Copy the following data exactly and drop the pictures.
[Recorded information — start]
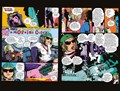 Tank Girl: Color Classics 3 - Book 3 1993-1995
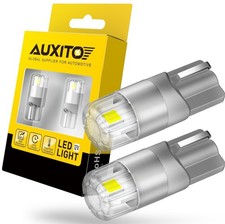 Auxito 192 194 168 2825 LED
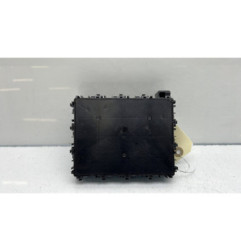 Porte fusible LAND ROVER RANGE ROVER 5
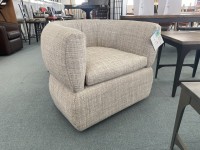 Younger Furniture Bouty Chair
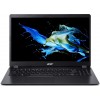 Ноутбук ACER  Extensa 15 EX215-52-519Y (NX.EG8ER.00E)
[Recorded information — finish]
Answer box.
 Tank Girl: Color Classics 3 - Book 3 1993-1995
 Auxito 192 194 168 2825 LED
 Porte fusible LAND ROVER RANGE ROVER 5
 Younger Furniture Bouty Chair
 Ноутбук ACER  Extensa 15 EX215-52-519Y (NX.EG8ER.00E)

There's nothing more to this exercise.